Romance languages department hosts annual poetry reading
High school and college students joined Washington and Lee faculty members in reciting their favorite poems.
November 13, 2018
Students from Rockbridge County High School and Washington and Lee University convened in the Book Nook in Leyburn last week for multilingual poetry, celebrating the romance languages department’s annual poetry reading.
Dr. Seth Michelson, a Spanish literature professor, organized the event on Nov. 8 as “a celebration of multilingual, transhistorical, and transcultural poetic expression,” according to the event program.
“Coming as it does in a historical moment rife with unusually violent divisions and antagonisms hurting so many members of our overlapping communities, it is of special importance that we come together this evening through poetry,” Michelson wrote.
Participants submitted a poem in Spanish, Italian, French or Portuguese to read at the event. Rockbridge County High School French students joined Washington and Lee students and retired members of the university’s faculty.
“Through your presence in poetry, whether as a presenter or listener, you are channeling the deep rivers of human compassion and creativity that connect us,” Michelson wrote.
Spanish Professor Jeff Barnett who emceed the event said it’s grown in attendance throughout the decades since it first started.
“This is a time for us to come together to celebrate poetry, the poetic and the aesthetic,” Barnett said.
This year, Uruguayan poet Silvia Guerra was featured as the guest reader.
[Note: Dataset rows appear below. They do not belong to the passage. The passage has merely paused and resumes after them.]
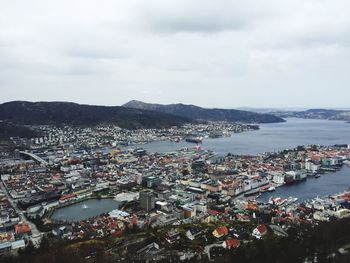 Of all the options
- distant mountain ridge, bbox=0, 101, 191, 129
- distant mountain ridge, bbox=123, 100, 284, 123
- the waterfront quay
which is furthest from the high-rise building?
distant mountain ridge, bbox=123, 100, 284, 123

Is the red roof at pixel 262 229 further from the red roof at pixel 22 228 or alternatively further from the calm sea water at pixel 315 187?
the red roof at pixel 22 228

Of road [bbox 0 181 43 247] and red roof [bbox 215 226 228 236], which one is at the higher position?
red roof [bbox 215 226 228 236]

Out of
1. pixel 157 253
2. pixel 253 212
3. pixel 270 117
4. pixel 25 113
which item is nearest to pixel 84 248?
pixel 157 253

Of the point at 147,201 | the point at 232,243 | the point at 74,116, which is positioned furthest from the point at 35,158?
the point at 74,116

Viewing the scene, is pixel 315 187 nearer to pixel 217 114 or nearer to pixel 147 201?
pixel 147 201

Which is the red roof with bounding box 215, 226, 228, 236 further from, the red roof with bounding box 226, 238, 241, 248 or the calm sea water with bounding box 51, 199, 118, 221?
the calm sea water with bounding box 51, 199, 118, 221

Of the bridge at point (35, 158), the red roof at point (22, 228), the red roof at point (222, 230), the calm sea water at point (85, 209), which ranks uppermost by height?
the red roof at point (222, 230)

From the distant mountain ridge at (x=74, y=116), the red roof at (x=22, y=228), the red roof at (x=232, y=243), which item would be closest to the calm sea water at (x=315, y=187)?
the red roof at (x=232, y=243) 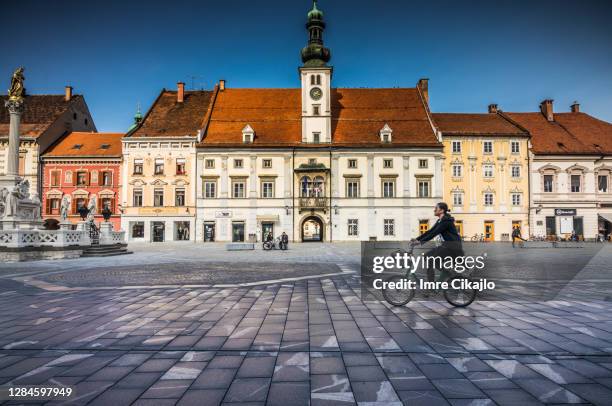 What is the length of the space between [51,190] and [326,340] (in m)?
43.9

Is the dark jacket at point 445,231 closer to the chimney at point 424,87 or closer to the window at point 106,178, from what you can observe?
the chimney at point 424,87

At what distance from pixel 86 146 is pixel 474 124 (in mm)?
43739

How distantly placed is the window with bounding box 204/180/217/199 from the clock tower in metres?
10.6

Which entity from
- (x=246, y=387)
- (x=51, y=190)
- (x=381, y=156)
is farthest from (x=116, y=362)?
(x=51, y=190)

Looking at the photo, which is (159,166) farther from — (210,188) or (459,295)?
(459,295)

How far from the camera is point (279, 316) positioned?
20.0ft

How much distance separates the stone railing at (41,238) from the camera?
16.7m

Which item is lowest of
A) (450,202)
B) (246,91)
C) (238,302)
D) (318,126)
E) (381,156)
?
(238,302)

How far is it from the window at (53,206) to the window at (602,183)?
191ft

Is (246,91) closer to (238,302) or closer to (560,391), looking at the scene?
(238,302)

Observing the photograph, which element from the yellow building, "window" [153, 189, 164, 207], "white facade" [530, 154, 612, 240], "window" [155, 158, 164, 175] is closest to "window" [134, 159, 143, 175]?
"window" [155, 158, 164, 175]

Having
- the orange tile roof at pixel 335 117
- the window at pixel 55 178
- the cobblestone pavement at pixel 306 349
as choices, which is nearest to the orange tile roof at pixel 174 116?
the orange tile roof at pixel 335 117

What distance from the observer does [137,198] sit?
37812mm

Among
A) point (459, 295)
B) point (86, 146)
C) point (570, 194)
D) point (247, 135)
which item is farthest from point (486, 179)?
point (86, 146) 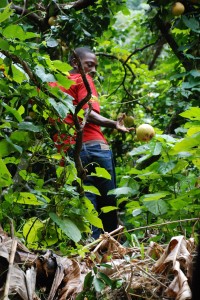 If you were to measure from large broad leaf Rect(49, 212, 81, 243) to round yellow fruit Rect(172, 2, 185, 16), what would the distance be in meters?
2.79

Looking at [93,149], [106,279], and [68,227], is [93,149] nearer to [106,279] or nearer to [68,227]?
[68,227]

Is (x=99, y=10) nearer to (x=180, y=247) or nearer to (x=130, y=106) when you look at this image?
(x=130, y=106)

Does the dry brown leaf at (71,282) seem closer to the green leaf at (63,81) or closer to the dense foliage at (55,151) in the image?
the dense foliage at (55,151)

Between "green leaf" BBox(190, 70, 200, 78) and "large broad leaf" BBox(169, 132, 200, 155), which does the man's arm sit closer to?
"large broad leaf" BBox(169, 132, 200, 155)

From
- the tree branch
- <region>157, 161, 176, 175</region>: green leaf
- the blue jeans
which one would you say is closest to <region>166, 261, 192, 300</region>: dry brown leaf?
<region>157, 161, 176, 175</region>: green leaf

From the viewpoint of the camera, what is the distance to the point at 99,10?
4609mm

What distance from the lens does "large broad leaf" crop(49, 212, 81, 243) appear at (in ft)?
6.45

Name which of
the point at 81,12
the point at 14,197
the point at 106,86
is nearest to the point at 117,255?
the point at 14,197

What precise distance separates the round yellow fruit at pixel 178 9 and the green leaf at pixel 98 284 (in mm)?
3198

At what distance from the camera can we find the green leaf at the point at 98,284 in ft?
5.21

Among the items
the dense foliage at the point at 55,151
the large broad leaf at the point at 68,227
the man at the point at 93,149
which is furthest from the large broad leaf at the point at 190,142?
the man at the point at 93,149

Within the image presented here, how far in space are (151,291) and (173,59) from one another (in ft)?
11.6

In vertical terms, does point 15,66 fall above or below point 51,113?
above

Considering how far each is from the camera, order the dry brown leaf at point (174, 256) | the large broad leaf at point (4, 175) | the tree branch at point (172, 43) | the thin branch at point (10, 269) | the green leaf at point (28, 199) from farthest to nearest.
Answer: the tree branch at point (172, 43) → the green leaf at point (28, 199) → the large broad leaf at point (4, 175) → the dry brown leaf at point (174, 256) → the thin branch at point (10, 269) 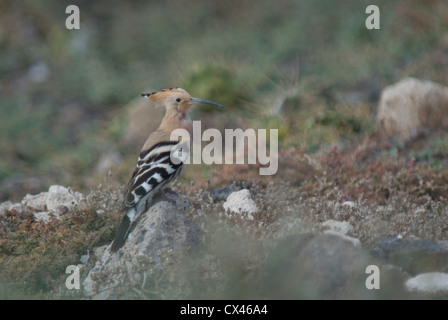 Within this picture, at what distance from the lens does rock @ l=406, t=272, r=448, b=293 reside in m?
4.00

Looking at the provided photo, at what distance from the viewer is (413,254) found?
4445mm

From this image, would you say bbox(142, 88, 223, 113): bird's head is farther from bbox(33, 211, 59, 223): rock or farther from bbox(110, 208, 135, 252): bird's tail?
bbox(33, 211, 59, 223): rock

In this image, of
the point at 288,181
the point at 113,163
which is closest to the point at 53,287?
the point at 288,181

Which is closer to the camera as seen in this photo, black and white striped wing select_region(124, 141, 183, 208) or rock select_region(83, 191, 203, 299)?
rock select_region(83, 191, 203, 299)

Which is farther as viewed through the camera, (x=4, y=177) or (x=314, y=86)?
(x=314, y=86)

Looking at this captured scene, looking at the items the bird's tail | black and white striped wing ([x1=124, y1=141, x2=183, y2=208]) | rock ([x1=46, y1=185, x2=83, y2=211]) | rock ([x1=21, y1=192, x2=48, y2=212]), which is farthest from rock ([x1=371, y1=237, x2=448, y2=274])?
rock ([x1=21, y1=192, x2=48, y2=212])

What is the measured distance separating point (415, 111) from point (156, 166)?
15.3 ft

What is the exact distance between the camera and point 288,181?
657 centimetres

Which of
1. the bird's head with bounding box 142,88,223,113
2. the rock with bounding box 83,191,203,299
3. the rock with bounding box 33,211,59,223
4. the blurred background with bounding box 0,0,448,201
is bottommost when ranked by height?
the rock with bounding box 83,191,203,299

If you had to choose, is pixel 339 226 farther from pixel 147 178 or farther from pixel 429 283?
pixel 147 178

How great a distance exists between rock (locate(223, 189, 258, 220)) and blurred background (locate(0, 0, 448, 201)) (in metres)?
0.85

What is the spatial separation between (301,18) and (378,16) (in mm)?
1639

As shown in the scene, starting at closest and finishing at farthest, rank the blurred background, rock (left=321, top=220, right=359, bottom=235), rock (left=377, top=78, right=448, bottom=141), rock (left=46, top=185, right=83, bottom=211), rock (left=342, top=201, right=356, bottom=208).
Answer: rock (left=321, top=220, right=359, bottom=235) < rock (left=342, top=201, right=356, bottom=208) < rock (left=46, top=185, right=83, bottom=211) < rock (left=377, top=78, right=448, bottom=141) < the blurred background

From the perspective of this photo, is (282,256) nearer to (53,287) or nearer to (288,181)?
(53,287) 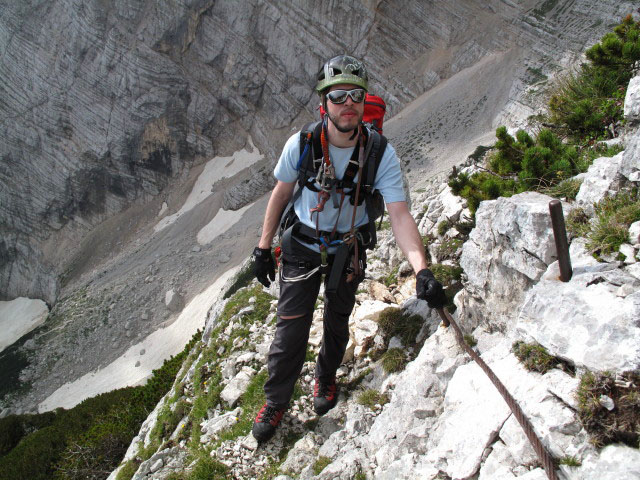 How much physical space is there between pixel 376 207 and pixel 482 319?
5.84 feet

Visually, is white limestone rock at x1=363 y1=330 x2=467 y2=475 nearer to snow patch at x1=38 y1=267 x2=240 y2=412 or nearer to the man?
the man

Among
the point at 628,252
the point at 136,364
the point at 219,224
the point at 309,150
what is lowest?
the point at 136,364

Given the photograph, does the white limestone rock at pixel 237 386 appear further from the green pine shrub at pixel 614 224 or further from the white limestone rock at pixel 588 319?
the green pine shrub at pixel 614 224

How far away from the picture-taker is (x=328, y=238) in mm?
4695

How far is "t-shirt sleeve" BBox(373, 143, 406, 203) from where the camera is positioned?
4410mm

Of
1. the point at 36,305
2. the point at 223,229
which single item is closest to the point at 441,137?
the point at 223,229

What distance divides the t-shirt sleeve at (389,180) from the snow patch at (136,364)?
22.7 metres

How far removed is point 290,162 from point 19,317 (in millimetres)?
47590

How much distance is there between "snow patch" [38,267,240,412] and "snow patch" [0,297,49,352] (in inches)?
599

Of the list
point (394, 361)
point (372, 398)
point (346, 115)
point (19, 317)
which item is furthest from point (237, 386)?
point (19, 317)

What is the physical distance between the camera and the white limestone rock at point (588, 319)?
8.49 feet

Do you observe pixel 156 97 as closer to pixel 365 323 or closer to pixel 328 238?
pixel 365 323

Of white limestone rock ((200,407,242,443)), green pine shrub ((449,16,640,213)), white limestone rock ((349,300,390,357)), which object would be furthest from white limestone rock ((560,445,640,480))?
white limestone rock ((200,407,242,443))

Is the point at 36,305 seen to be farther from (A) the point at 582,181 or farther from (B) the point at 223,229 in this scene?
(A) the point at 582,181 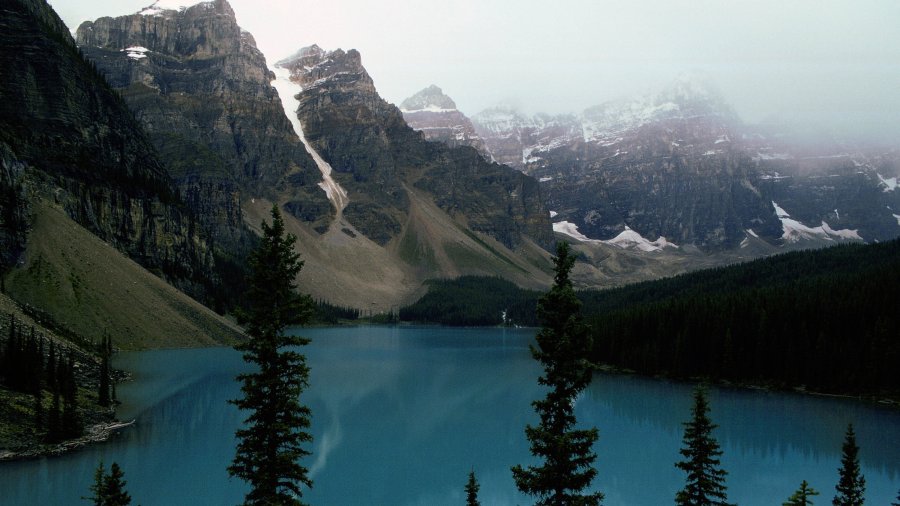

Guerra kicked off the event by reading several poems in Spanish from her latest anthology, Un mar en madrugada/A Sea at Dawn.
Guerra began writing poetry during Uruguay’s tumultuous transition to democracy. According to the University of Notre Dame’s Kellogg Institute for International Studies, she’s seen as “one of the most innovative and powerful poetic voices from Latin America.”
Guerra took turns sharing the mic with other performers. Some performers chose an existing poem in their desired language, while others, like Bridget Washington, ‘21, Diego Saavedra, ‘22, and Professor Cristina Pinto-Bailey read original poems.
Seven students from Rockbridge High School – Kelby Bartley, Elise Brooke, Garrison Drake, Katie Kirkpatrick, Brendan McCrady, Martha Orr, and Tanner Van Lear – read “Liberté,” by French poet Paul Eluard. They asked the audience to read the final line of each stanza, “J’écris ton nom,” in unison and held up letters that spelled the title of the poem.
Retired Washington and Lee faculty member Amy Richwine lightened up the evening by reading three Italian tongue twisters and then translating.
Andrew Crean, ‘22, read “Desde mi pequeña vida,” which he said is about a sister grieving her brother’s death.
“She’s talking about how, even though he’s gone, there are so many parts of him that still exist in her life,” Crean said. “It’s kind of a dark poem but the reason I chose it was that, even for someone who doesn’t know a lot of Spanish, it still carries a lot of meaning.”
Grace Pelosky, ‘22, and Emma Cannella, ‘22, also recited a Spanish poem entitled “El poeta.”
“It’s about a lot of things, but mainly how poetry can open the door for someone,” Pelosky said before the event.